I was eating during some parts, but I got the important wrong part.

Bear breaks the One Wish Willow and wishes for Nikki to love him more than anyone. Then bad things happen because of course they do. If you ask a toy to handle romance, the toy will use toy rules. Toy rules are little and mean.

The movie wants me to think about desire. I did that for four seconds and got tired. The larger problem is customer service. Once feelings have customer service, society is over or at least on hold.

Chud has called customer service. You say my internet is gone and they say have you tried respecting the router. Now imagine calling because love got too much on you. The person on the line is named Carter probably and he says can you verify the wish. Terrible.

The One Wish Willow is not a monkey paw. It is a feelings printer with no return slot. You break it, say something stupid, and suddenly the universe treats you like you clicked agree. This is where I started getting mad at the prop department.

People in the movie should not be dating or wishing. They should be reading the toy's warranty, except there probably is not one because the toy is evil and knows lawyers fear wood. The movie did not say this directly, which is one of its problems.
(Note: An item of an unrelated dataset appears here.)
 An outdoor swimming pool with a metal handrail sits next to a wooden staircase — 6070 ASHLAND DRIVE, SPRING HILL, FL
Nikki becomes intense. Bear becomes sorry. That is normal when a man shops in a mystery store instead of buying flowers from a place with lights.
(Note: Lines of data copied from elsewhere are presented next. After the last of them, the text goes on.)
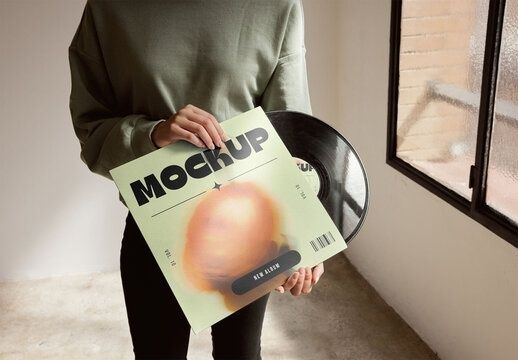 Person hält ein Vinylalbum mit auffälligem Cover vor einer Schallplatte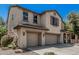 Spacious two-story home with a three-car garage, inviting porch, and manicured landscaping at 10945 E Storia Ave, Mesa, AZ 85212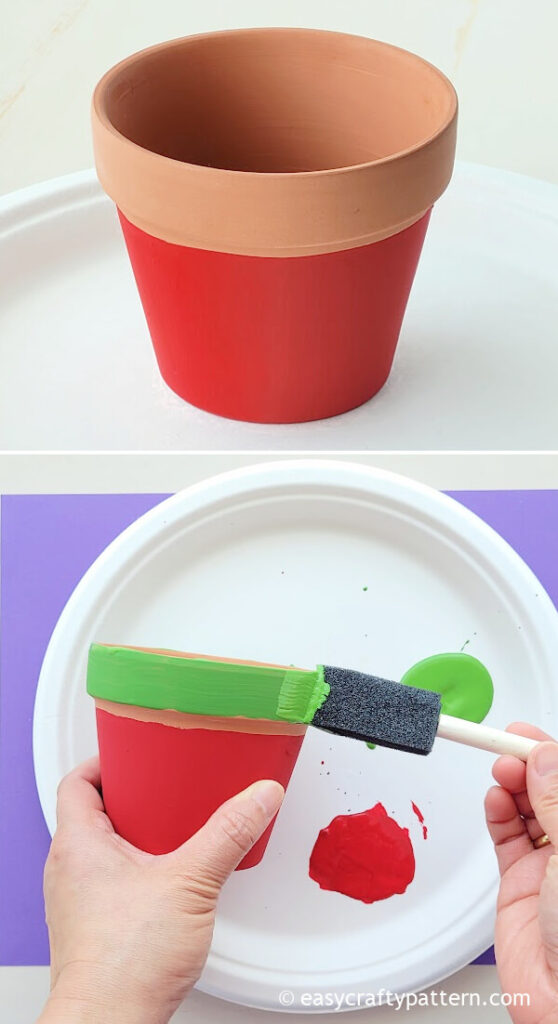 Painting clay pot with green.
I did like how the movie understands one thing: getting exactly what you asked for is usually the worst version of shopping. But it misses my fix. Disconnect the toy hotline. Put every One Wish Willow in rice. Make love use email only between 9 and 3.

Final Chud law: if your crush requires a supernatural support ticket, close the case and eat soup alone.

This is why I should be allowed at press screenings earlier.